Structure and growth mechanisms of polyphenylene films formed on platinum by anodic polymerization of benzene and biphenyl in various electrolytic media

Polyphenylene films are deposited on platinum by anodic electropolymerization of benzene or biphenyl in different electrolytic media. It is shown that crosslinked polyphenylenes with a low degree of polymerization (DP ∼ 10) are obtained in organic media with fluorinated salts. The growth of the polymer in organic media, shown to be controlled by the progressive nucleation of hemispherical nuclei and a spherical monomer diffusion step, is inhibited by traces of water. This inhibition is explained by considering a heterogeneous adsorption equilibrium between water and the poly(para-phenylene) (PPP) nuclei, and deactivation of the nuclei surface by adsorbed water. PPP films with linear chains and higher DP (about 30) are obtained in liquid SO2 and at low temperatures. Further improvements are obtained by using strongly acidic media, particularly triflic acid in liquid SO2 or in acidic organic solvents. In this case, extremely linear and well-organized PPP chains with DP higher than 30 are obtained, leading to cyclic voltammograms with very sharp, well-separated redox peaks, related to a strong interaction of CF3SO3H with benzene or biphenyl.
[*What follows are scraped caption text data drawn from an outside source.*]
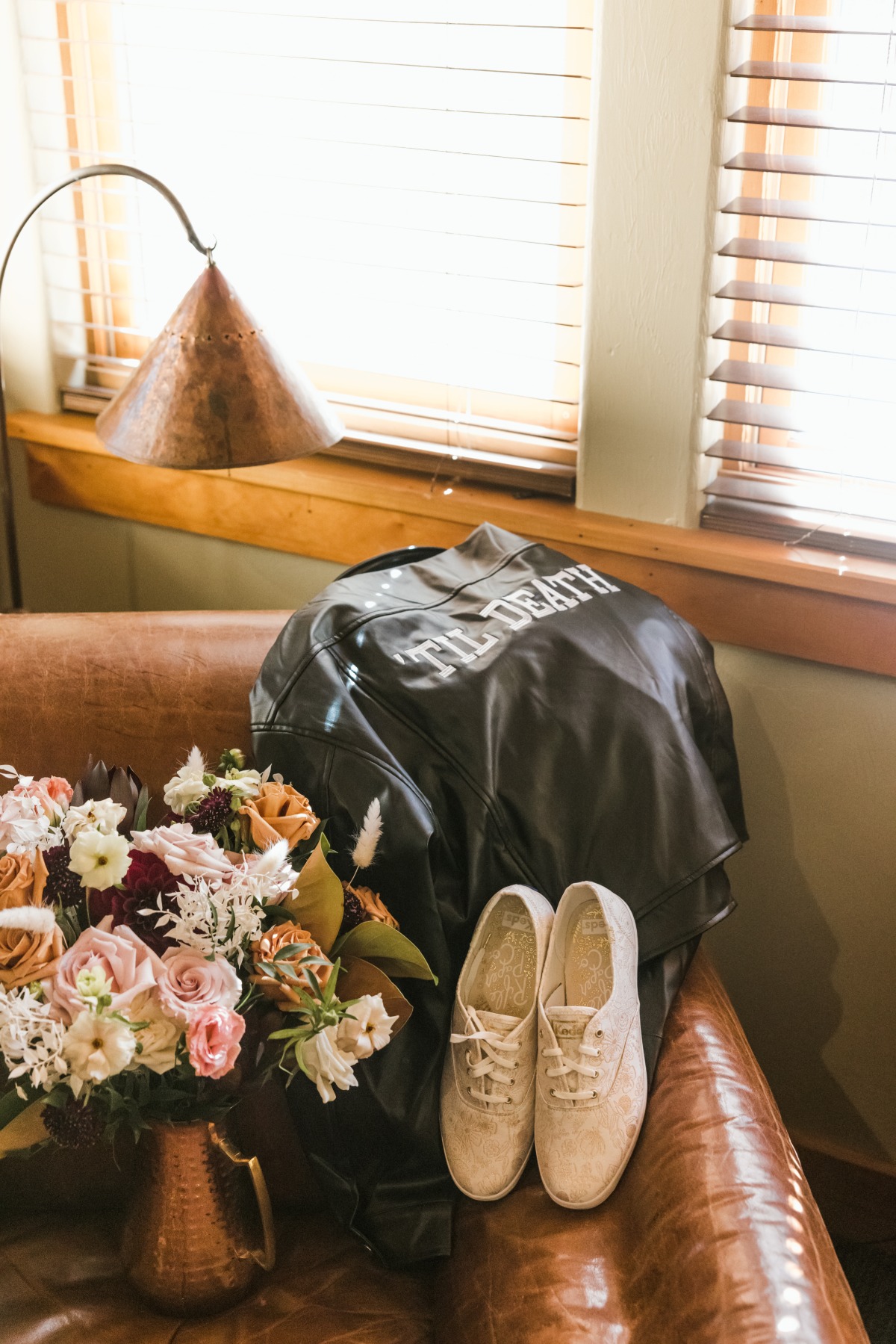 ballet pink sneakers and leather jacket for bride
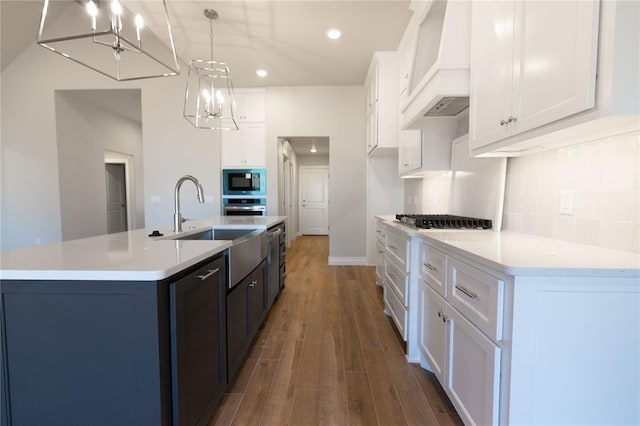 kitchen with stainless steel appliances, an island with sink, hanging light fixtures, and white cabinets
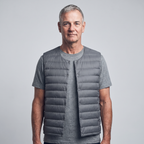 Men's Terrabound down gilet in Grey, front view worn over a t-shirt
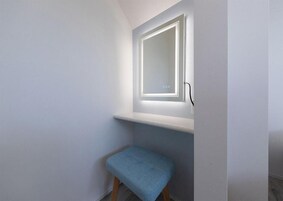 Pequeño espacio cerrado con un banco, un espejo con iluminación y una puerta.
The nature of the solvent used for the synthesis of PPP films significantly affects their microstructure: PPP films synthesized in CH2Cl2 (or SO2) + CF3SO3H exhibit sharp redox peaks when submitted to cyclic voltammetry in H2SO4 (95%), whereas PPP films obtained in CH3NO2 + CF3SO3H give broader redox peaks, related to the fact that the interactions between PPP chains and CF3SO3H are weaker in CH3NO2 than in the more acidic CH2Cl2 or SO2.